» **YOUR TASK**
Your output should be the lines below from the one with "4 bedroom, 3" through the one with "Nikos Cakes Oakleigh", copied exactly, pictures excluded.

» **SOURCE MATERIAL**
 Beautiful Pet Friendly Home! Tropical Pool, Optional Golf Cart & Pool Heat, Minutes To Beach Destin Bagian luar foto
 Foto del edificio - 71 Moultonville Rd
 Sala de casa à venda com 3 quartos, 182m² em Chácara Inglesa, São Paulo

==

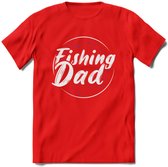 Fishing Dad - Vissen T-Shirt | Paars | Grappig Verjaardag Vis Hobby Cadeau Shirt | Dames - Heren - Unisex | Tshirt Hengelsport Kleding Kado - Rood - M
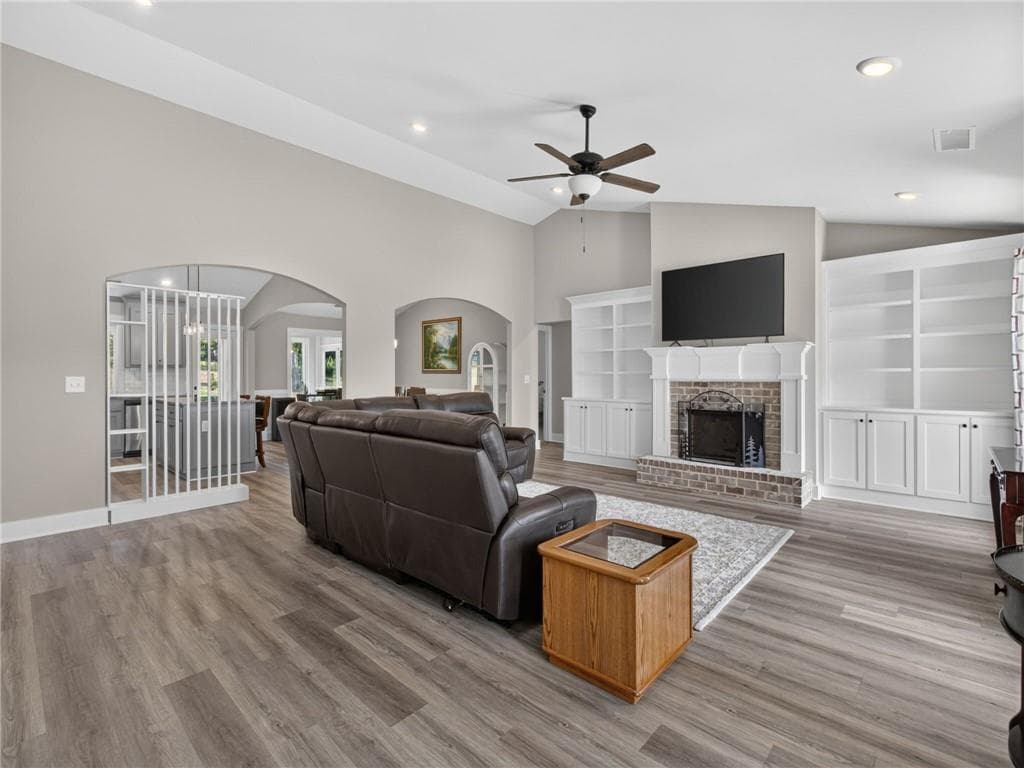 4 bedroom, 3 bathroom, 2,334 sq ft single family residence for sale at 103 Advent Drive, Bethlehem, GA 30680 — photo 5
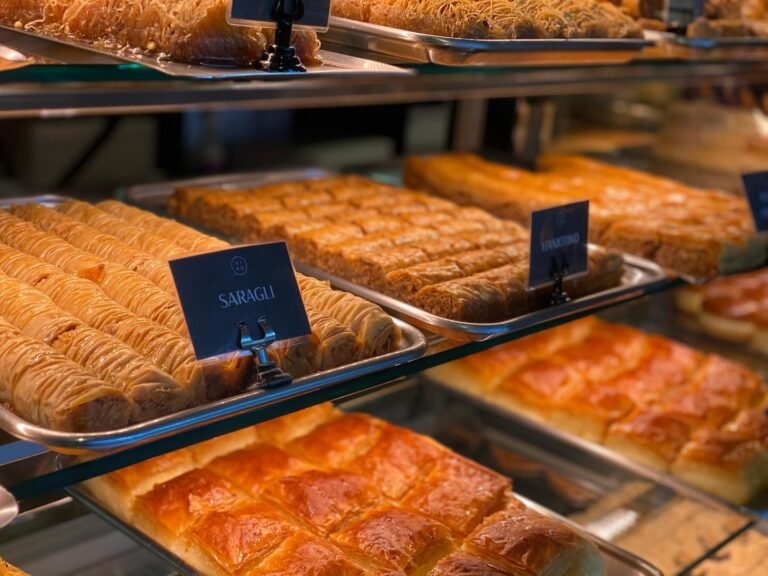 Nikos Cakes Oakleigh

» **RESPONSE TO THIS EXERCISE**
 4 bedroom, 3 bathroom, 2,334 sq ft single family residence for sale at 103 Advent Drive, Bethlehem, GA 30680 — photo 5
 Nikos Cakes Oakleigh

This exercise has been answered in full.